With iPhone, Apple have have chosen to omit physical buttons and go all touch: The upside is that there’s much more space available on the handset for an enormous colour screen with an innovative “double touch” interface. The potential drawback is its impact for one-handed control and for writing SMS or email.
Early US reviews are mixed for text input: Mossberg says he got over his initial dislike, NYT is lukewarm: “text entry is not the iPhone’s strong suit” US reviewers have focused attention on mobile email as the main application that requires text input. In Europe, it’s different. Mobile email usage in Europe is fairly niche: Just 10 percent of consumers use mobile email.
iPhone is a consumer-centric phone, rather than a business one. So, SMS is the key application requiring text input in Europe, not email. SMS has been ubiquitous here from the launch of the first 2G networks in 1992-4. Every European digital mobile phone has supported SMS from the start, and interoperability here has always been a given, rather than a promise.

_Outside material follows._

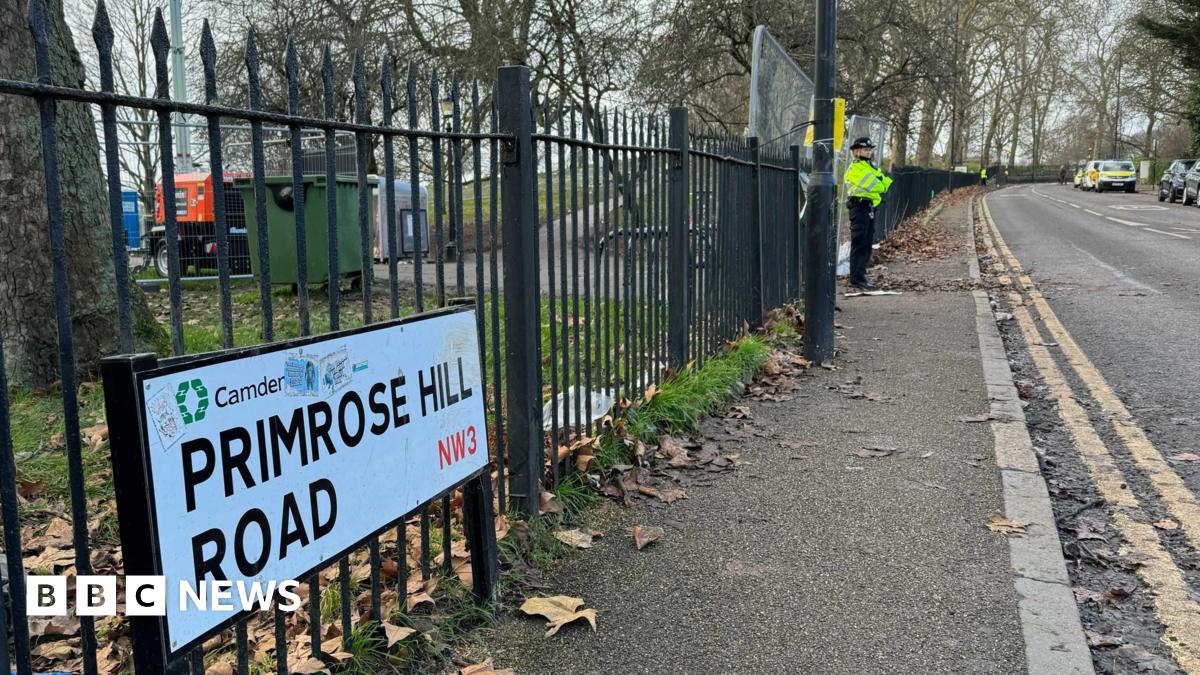 Primrose Hill: Driver arrested after pedestrians hit by car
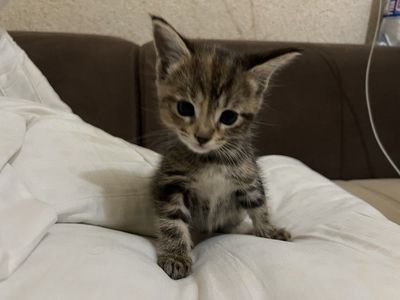 Продам котенка, девочка, 2 месяца,мама Мейн Кунь, папа бенгал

European mobile users are adept at texting with a standard phone number pad. They haven’t embraced the US-focused Danger hiptop devices with their qwerty keyboards in any volume partly because of this, and have found little desire to investigate Treo’s for their thumbpads. Treos have been strongly business focused devices.
Almost one fifth of Europeans send more than 10 text messages a day mostly on phones with conventional interaction methods, like number pads. More casual SMS usage is ubiquitous.
For a European, SMS is an absolutely integral part of making a great mobile phone, rather than an added feature.
My concern on iPhone is whether the text input experience delivers while mobile: How does it feel while writing a text one handed while walking down the street? How does it feel over days and weeks of texting, and one-handed dialling usage?
Without physical feedback — haptics — it’s almost impossible to use an on-screen keyboard without looking…. and on the move that leads to the experience of walking into things or getting run over.
The other compromise with foregoing physical buttons is, ironically the available screen real estate. While Apple gains space to include a vast screen on iPhone, the UI but has to display an on-screen keyboard when needed for input. So, the extra screen size becomes most usable for consumption/playback experiences, and is not so useful for input/creative/text communication ones. And, an on-screen keyboard that is designed for fingers must be even bigger than one designed for a stylus, and Apple have gone for a finger-based UI.
It’s all about trade-offs and compromises and Apple have differentiated from existing mobile phones with their UI approach, as they need to do as a new entrant to the market.
These input compromises will not prevent the current iPhone from selling. People are different. Not everyone will find this an issue, and there will be enough people worldwide that don’t use SMS heavily that Apple can still hit its 10 million target.
If Apple ever wants to become a mass market mobile handset maker in Europe — and that goal is not certain in any way, as Apple may choose to focus on the high end — Apple must either persuade consumers that its text input approach is better, or create a family of iPhones including models with different interaction methods. If any company can convince consumers that its way is best, that company is Apple.